8 CNOOC buys into Eagle Ford
China’s top offshore oil producer, CNOOC Ltd., will pay $1.1 billion to Chesapeake Energy Corp. for a stake in a U.S. shale oil and gas field.

The deal could be the start of more outbound acquisitions as the Chinese company races to meet its aggressive production growth forecasts to feed the country’s fast-growing economy, analysts and bankers said.

“We expect them to expand their footprint in the Canadian oil sands and also in Brazil’s deepwater,” said Gordon Kwan, head of Asian energy research for Mirae Asset Securities.

Most of the outbound acquisitions by China’s oil companies have been in risky areas such as Africa, which Western rivals have avoided, or in locations with aging assets. Now they are also eyeing the United States, which was once deemed off-limits to the Chinese due to protectionist sentiment.

“Ninety-five percent of the world’s E&P (exploration and production) companies are in North America,” said an investment banker who has advised Chinese oil companies on deals. “If you have to move the reserve needle, you have to buy U.S. companies.”

U.S. oil and gas companies are gradually warming to Chinese investment, partly because they are now short of cash, Kwan of Mirae Asset said.

The Chesapeake agreement shows China is confident the purchase of a 33 percent stake in the Eagle Ford acreage in South Texas will win the backing of U.S. regulators and politicians, who stepped in five years ago to block CNOOC’s effort to buy U.S. oil company Unocal.

“We are basically taking money from India, Russia and other foreign countries for energy deals,” said Fadel Gheit, oil analyst with Oppenheimer & Co. “If we single out the Chinese and say their money smells, it’s not going to sit well. Obviously, Chesapeake tested the waters in Washington before they did this.”

9 Cnooc Buys Shale in China’s Biggest U.S. Oil Deal
Oct. 11 (Bloomberg) — Cnooc Ltd. will pay $1.08 billion for a one-third stake in Chesapeake Energy Corp.’s Eagle Ford shale project in Texas, in the biggest acquisition of a U.S. oil and gas asset by a Chinese company.

Cnooc, listed in Hong Kong, plans to buy 33.3 percent of Chesapeake’s 600,000 oil and gas leasehold acres in Eagle Ford, the companies said in separate statements. Cnooc will also pay $1.08 billion of Chesapeake’s drilling costs in the basin, Chief Executive Officer Aubrey McClendon said in an interview.

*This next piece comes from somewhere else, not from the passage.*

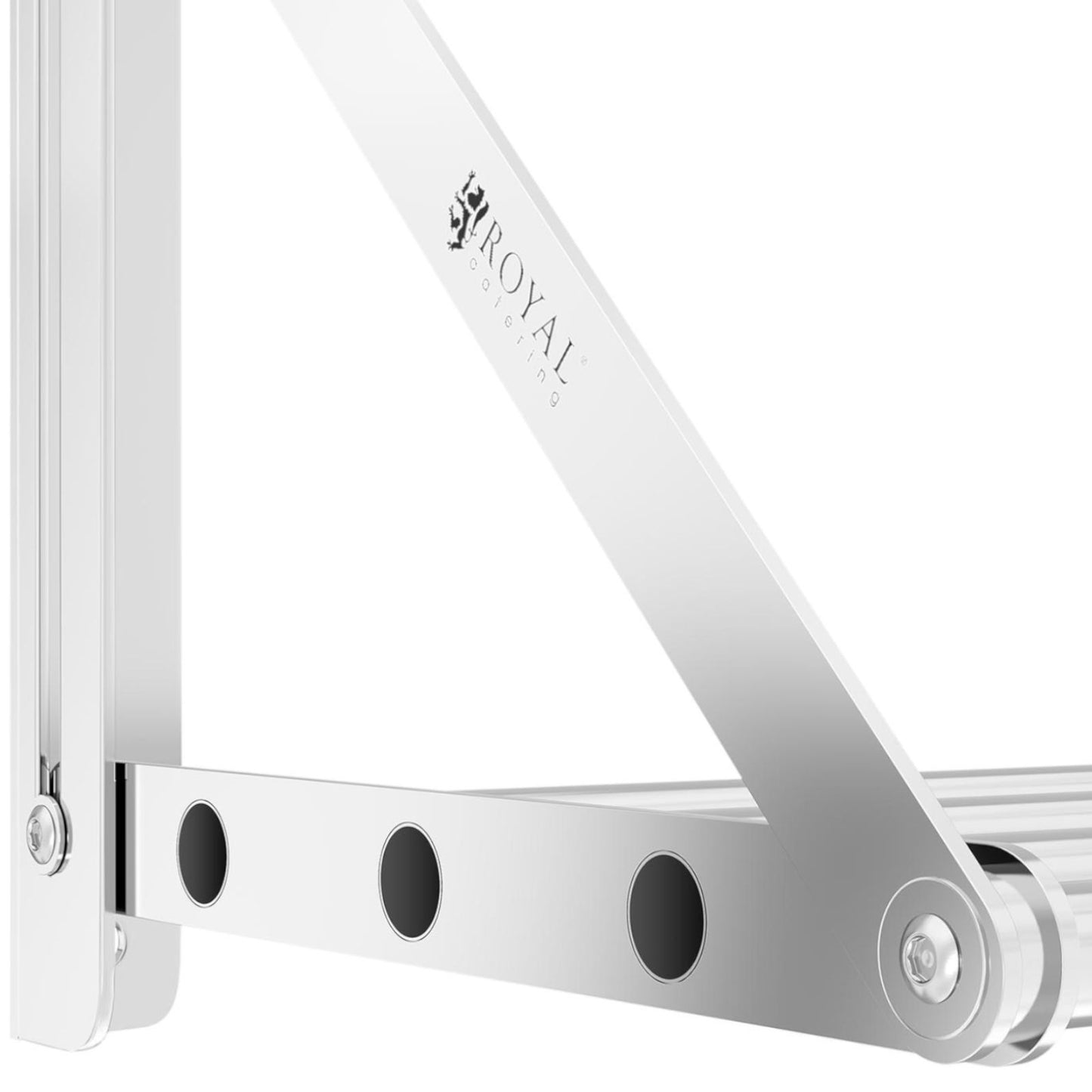 Wall Shelves & Ledges – Stainless steel foldable wall shelf - Carlat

The purchase would give Cnooc its first onshore energy asset in the U.S., five years after it dropped an $18.5 billion bid for Unocal Corp. amid political opposition. China’s third- largest oil company has spent at least $3.8 billion on overseas acquisitions in the past year as the nation’s energy demand surges.

“The deal reflects the ambition of Chinese companies to enter the global oil and gas industry, especially when China’s gas demand is expected to rise sharply,” said Grace Liu, an energy analyst with Guotai Junan Securities in the southern city of Shenzhen.

The Cnooc purchase was the second announced in one day for drilling rights in the Eagle Ford shale, which lies across a swath of southern Texas. Statoil ASA of Norway agreed to pay $843 million, or $10,900 an acre, to set up an equal joint venture in the region with Talisman Energy Inc. Cnooc is paying $10,800 an acre, which includes the upfront cash and drilling costs in the basin, McClendon said.

‘Confirming Value’

“Both deals, which were independent, do a nice job of confirming value in the area,” he said.

The per-acre prices are “solid” and should buoy the stock of Chesapeake and other U.S. producers with large holdings in the Eagle Ford shale including EOG Resources Inc., Pioneer Natural Resources Co., SM Energy Co. and Petrohawk Energy Corp., Scott Hanold, an Austin, Texas-based analyst for RBC Capital Markets, said in an e-mail today.

Cnooc jumped 4.5 percent to close at HK$16.80 in Hong Kong trading, the highest level since Oct. 30, 2007. The shares have advanced 38 percent this year, outpacing the 6.1 percent gain in the benchmark Hang Seng Index.

Chesapeake, based in Oklahoma City, rose as much as 5.5 percent. The shares gained 25 cents, or 1.1 percent, to $23.30 at 4:02 p.m. in composite trading on the New York Stock Exchange.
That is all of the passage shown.